Over the weekend, The New York Review of Books published a long article written by Paul Krugman on how the case for austerity fell apart. It's a long read, but well worth the time. Here are the opening paragraphs:
In normal times, an arithmetic mistake in an economics paper would be
a complete nonevent as far as the wider world was concerned. But in
April 2013, the discovery of such a mistake—actually, a coding error in a
spreadsheet, coupled with several other flaws in the analysis—not only
became the talk of the economics profession, but made headlines. Looking
back, we might even conclude that it changed the course of policy.
Because the paper in question, “Growth in a Time of Debt,” by the
Harvard economists Carmen Reinhart and Kenneth Rogoff, had acquired
touchstone status in the debate over economic policy. Ever since the
paper was first circulated, austerians—advocates of fiscal austerity, of
immediate sharp cuts in government spending—had cited its alleged
findings to defend their position and attack their critics. Again and
again, suggestions that, as John Maynard Keynes once argued, “the boom,
not the slump, is the right time for austerity”—that cuts should wait
until economies were stronger—were met with declarations that Reinhart
and Rogoff had shown that waiting would be disastrous, that economies
fall off a cliff once government debt exceeds 90 percent of GDP.
Reinhart-Rogoff may have had more immediate influence on public debate
than any previous paper in the history of economics. The 90 percent
claim was cited as the decisive argument for austerity by figures
ranging from Paul Ryan, the former vice-presidential candidate who
chairs the House budget committee, to Olli Rehn, the top economic
official at the European Commission, to the editorial board of The Washington Post.

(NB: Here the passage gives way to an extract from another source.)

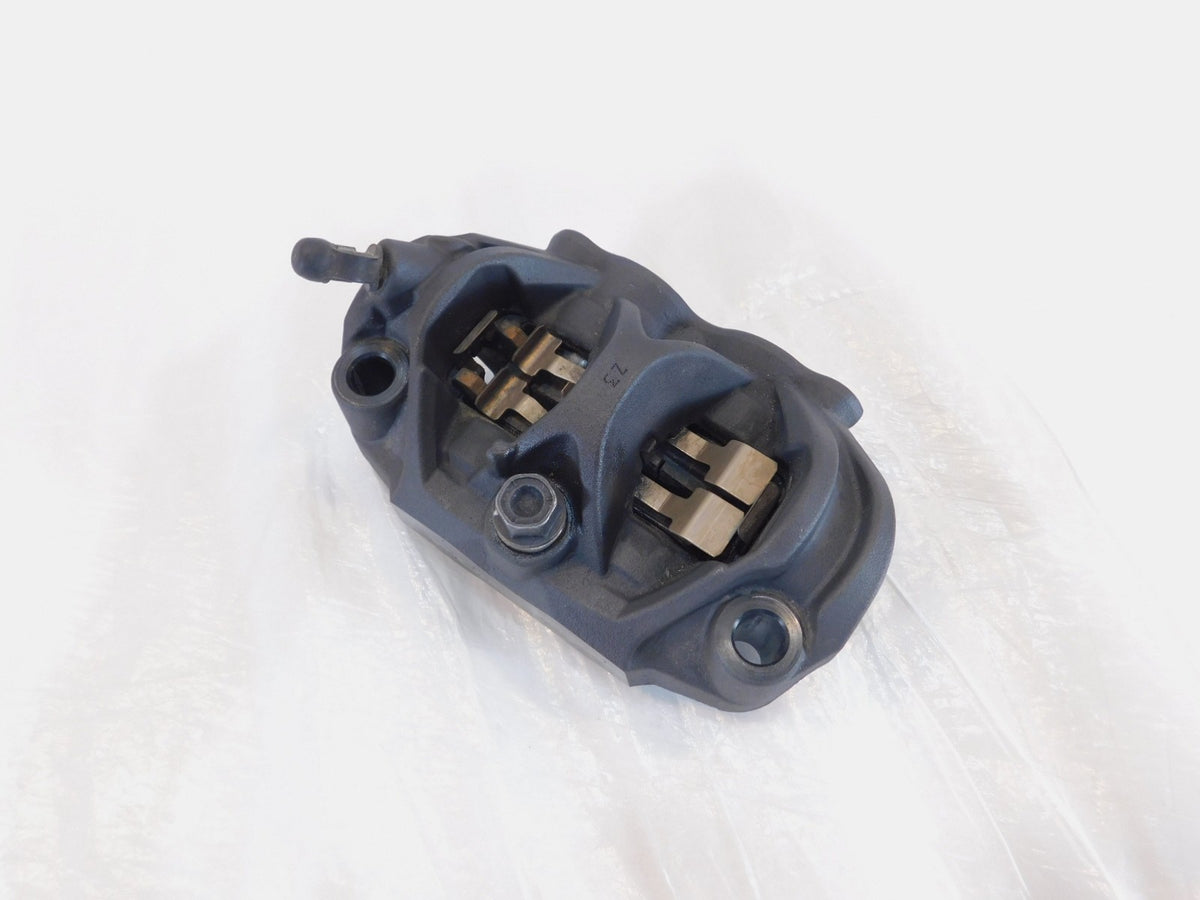 2017-2022 Honda CBR1000 CBR1000RR CBR1000 Front Left Wheel Disc Brake Caliper - C3 Cycle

So the revelation that the supposed 90 percent threshold was an
artifact of programming mistakes, data omissions, and peculiar
statistical techniques suddenly made a remarkable number of prominent
people look foolish.
The real mystery, however, was why
Reinhart-Rogoff was ever taken seriously, let alone canonized, in the
first place. Right from the beginning, critics raised strong concerns
about the paper’s methodology and conclusions, concerns that should have
been enough to give everyone pause. Moreover, Reinhart-Rogoff was
actually the second example of a paper seized on as decisive evidence in
favor of austerity economics, only to fall apart on careful scrutiny.
Much the same thing happened, albeit less spectacularly, after
austerians became infatuated with a paper by Alberto Alesina and Silvia
Ardagna purporting to show that slashing government spending would have
little adverse impact on economic growth and might even be expansionary.
Surely that experience should have inspired some caution.